-------- DATASET SECTION --------
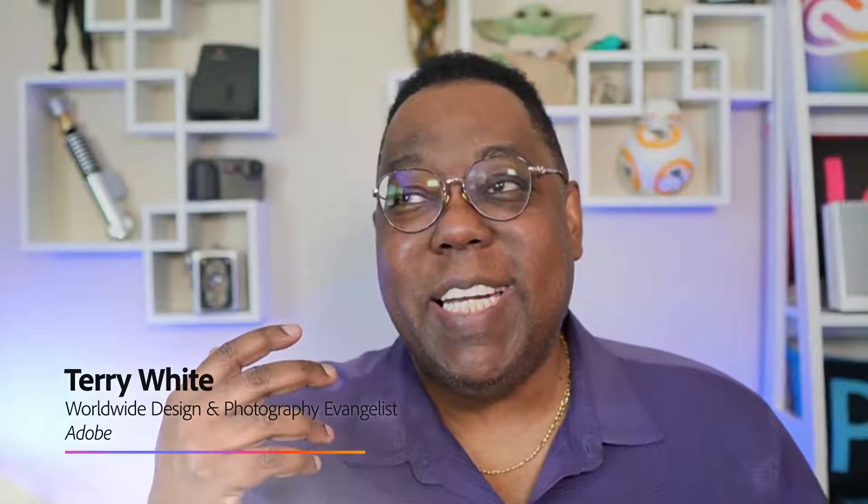Terry White, Photography Evangelist here at Adobe. On Tuesday I introduced a video called three new things that will change the way you use Lightroom forever, and it's true those were three new things that will change the way you use Lightroom forever.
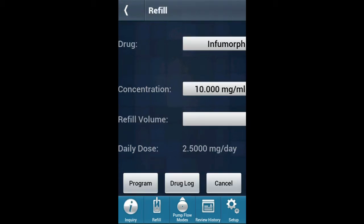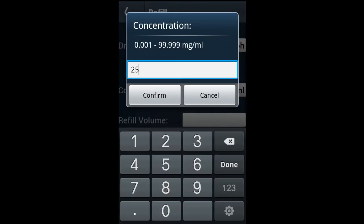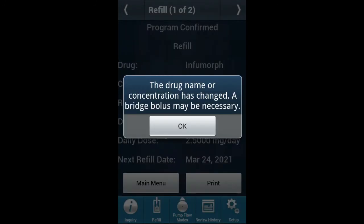The refill screen will appear. Drug and concentration will auto-populate with the previous settings. Here you can enter in the new concentration. After the refill has been programmed, a message stating the drug name or concentration has changed — a bridge bolus may be necessary — will appear. Please click OK and proceed with the following steps.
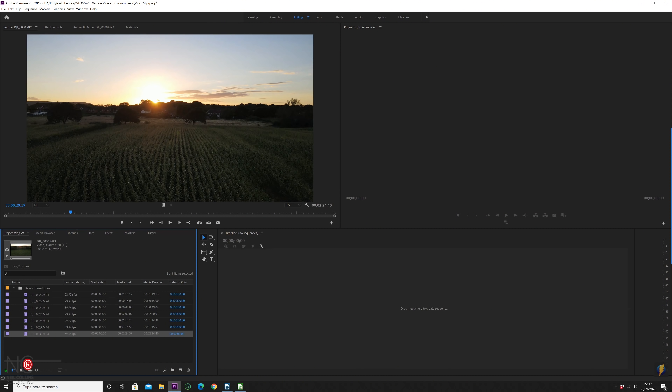I'm going to edit some footage quickly and show you the export settings to get the best out of your vertical video. I've got some footage I shot when I went to see my friend the other day — he took his dog for a walk out back of his house. There are some really nice cornfields, and I took my drone and got some nice 4K footage, so we're going to work with that today.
--------
The reply should repeat the listing above exactly and contain no pictures.

Terry White, Photography Evangelist here at Adobe. On Tuesday I introduced a video called three new things that will change the way you use Lightroom forever, and it's true those were three new things that will change the way you use Lightroom forever.
The refill screen will appear. Drug and concentration will auto-populate with the previous settings. Here you can enter in the new concentration. After the refill has been programmed, a message stating the drug name or concentration has changed — a bridge bolus may be necessary — will appear. Please click OK and proceed with the following steps.
I'm going to edit some footage quickly and show you the export settings to get the best out of your vertical video. I've got some footage I shot when I went to see my friend the other day — he took his dog for a walk out back of his house. There are some really nice cornfields, and I took my drone and got some nice 4K footage, so we're going to work with that today.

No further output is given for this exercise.